- PROVIDED DATA:
= = = = = = =

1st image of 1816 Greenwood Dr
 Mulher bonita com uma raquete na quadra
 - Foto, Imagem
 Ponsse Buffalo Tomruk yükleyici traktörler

= = = = = = =

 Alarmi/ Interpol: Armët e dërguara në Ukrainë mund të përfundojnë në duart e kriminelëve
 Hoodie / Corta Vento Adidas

= = = = = = =

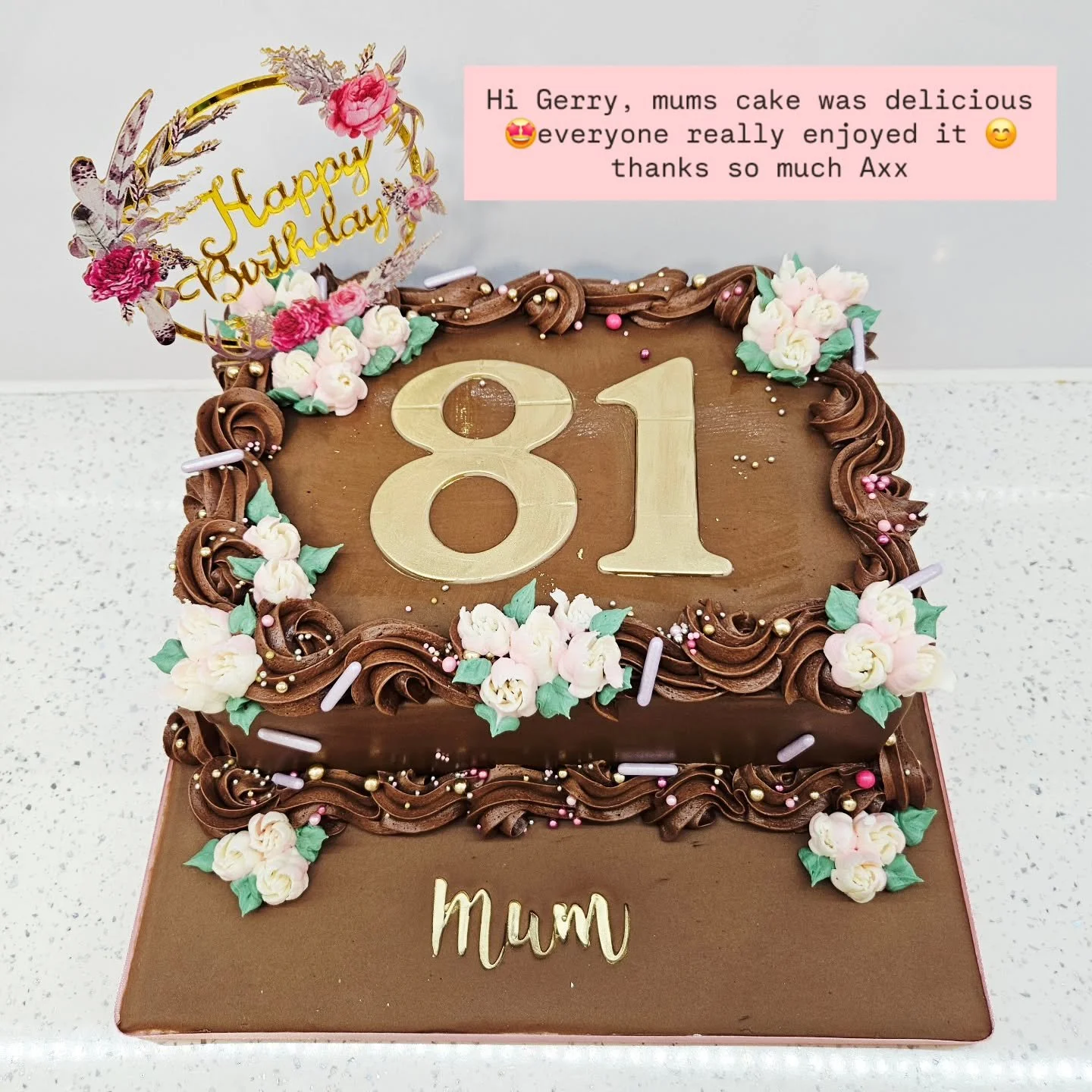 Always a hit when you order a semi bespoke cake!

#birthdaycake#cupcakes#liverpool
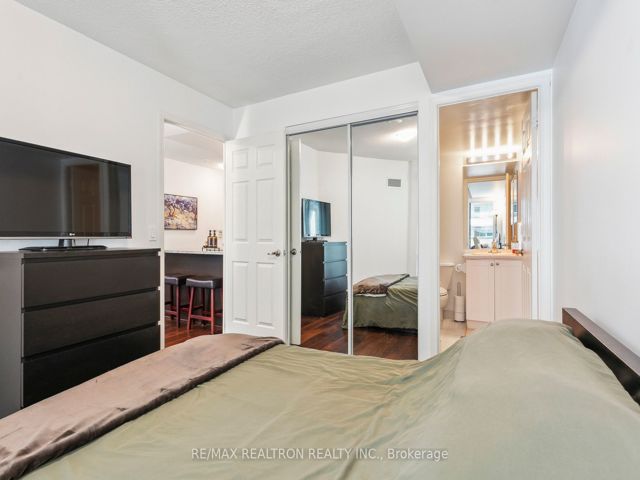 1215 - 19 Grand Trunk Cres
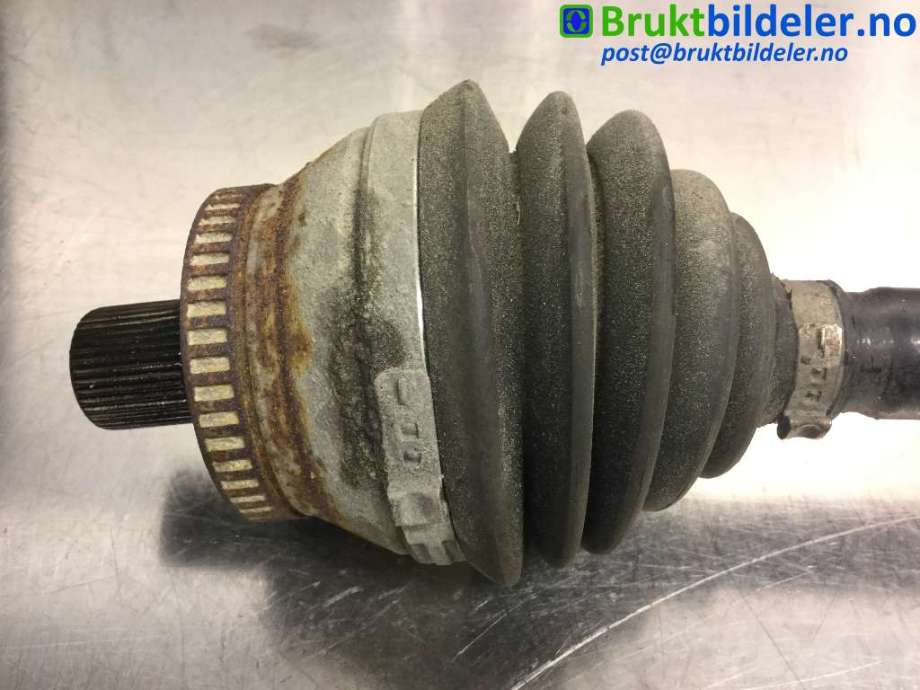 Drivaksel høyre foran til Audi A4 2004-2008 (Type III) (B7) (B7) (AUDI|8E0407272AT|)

= = = = = = =

Please copy the lines above from the line with "- Foto, Imagem" up to and including the line with "Ponsse Buffalo Tomruk yükleyici traktörler", exactly as written and with nothing else.

- EXPECTED OUTPUT:
 - Foto, Imagem
 Ponsse Buffalo Tomruk yükleyici traktörler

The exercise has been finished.